With livestock accounting for over half of those emissions, meat and dairy are at the forefront of many agriculture conversations at COP28 in Dubai. The U.N. Food and Agriculture Organization added to those conversations with an updated report that included ways to cut those livestock emissions.
“You don’t meet the climate goals without doing something in the system, and in this case on livestock,” said Francesco Tubiello, a senior statistician with the FAO who worked on the report. It briefly mentions eating less meat, but mostly highlights ways the meat industry can improve productivity and efficiency.
Change won’t be easy. Like fossil fuel producers, the meat industry turned out in force to protect its interests at the talks, including casting their practices as “sustainable nutrition,” according to one report. A potential competitor, alternative meat, has hit a rough patch after initial enthusiasm and investment.
And then there are consumers themselves, who have shown little interest in changing their eating habits, even as meat’s contribution to emissions has gotten more attention.
“The reality is Americans eat just as much meat now as they did 50 years ago,” said Maureen Ogle, a historian and author of In Meat We Trust, a history of the meat industry in America.
Ogle said American producers have pushed back vigorously over the years against anything that threatened their market — from a proposal to include “Meatless Mondays” in national dietary guidelines to research reports that highlighted the health dangers of eating too much red meat.
The Guardian and DeSmog reported last month that the meat industry planned a large presence at COP28, to tout a message that meat is good for the environment. The news outlets cited documents produced by the Global Meat Alliance, an industry-funded group, that they said included such messages as grazing livestock can help maintain healthy soils and meat can help in food-insecure nations.
The alliance told The Guardian that its work “includes visibility on intergovernmental events which are often dominated by an anti-meat narrative.” In an emailed statement to AP, the group said it applauds the focus on food and agriculture on global agendas like COP28.
“We welcome clear rules or standards for reducing agricultural emissions at these moments, and industry is prepared to support these efforts while retaining a place in the value chain,” the statement said.
Many governments around the world have promoted meat for a long time, transforming cultural meat eating habits, said Wilson Warren, a professor of history at Western Michigan University.
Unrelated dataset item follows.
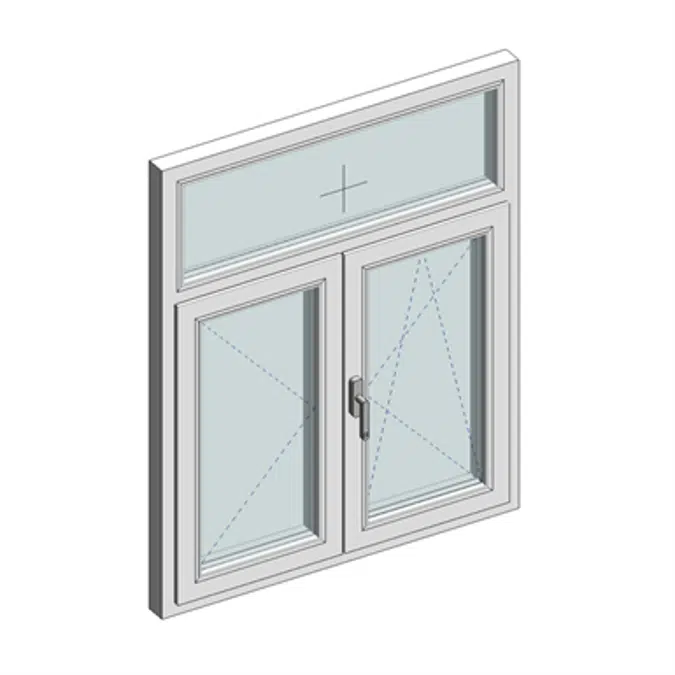 STRUGAL DOMUS + PVC  Hinged Window  (Two-Leaf+Fixed-Top)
That has turned meat into an industry fueled by multinational corporations worth billions of dollars. In the United States, subsidies pay farmers to overproduce so meat can be sold more cheaply to an urban population, Ogle said.
Both in America and in the European Union, animal farming receives far more public financial support and lobbying attention than meat alternatives do, a study from Stanford University found this summer. That’s an issue because better consumer options are needed, said one of the coauthors, Simona Vallone, a researcher now with Sustainable San Mateo County.
“We are at this delicate moment in which we need to make decisions at the government level and also global level,” Vallone said. If curbing emissions quickly is the goal, she added, “we don’t have a lot of time to change our system.”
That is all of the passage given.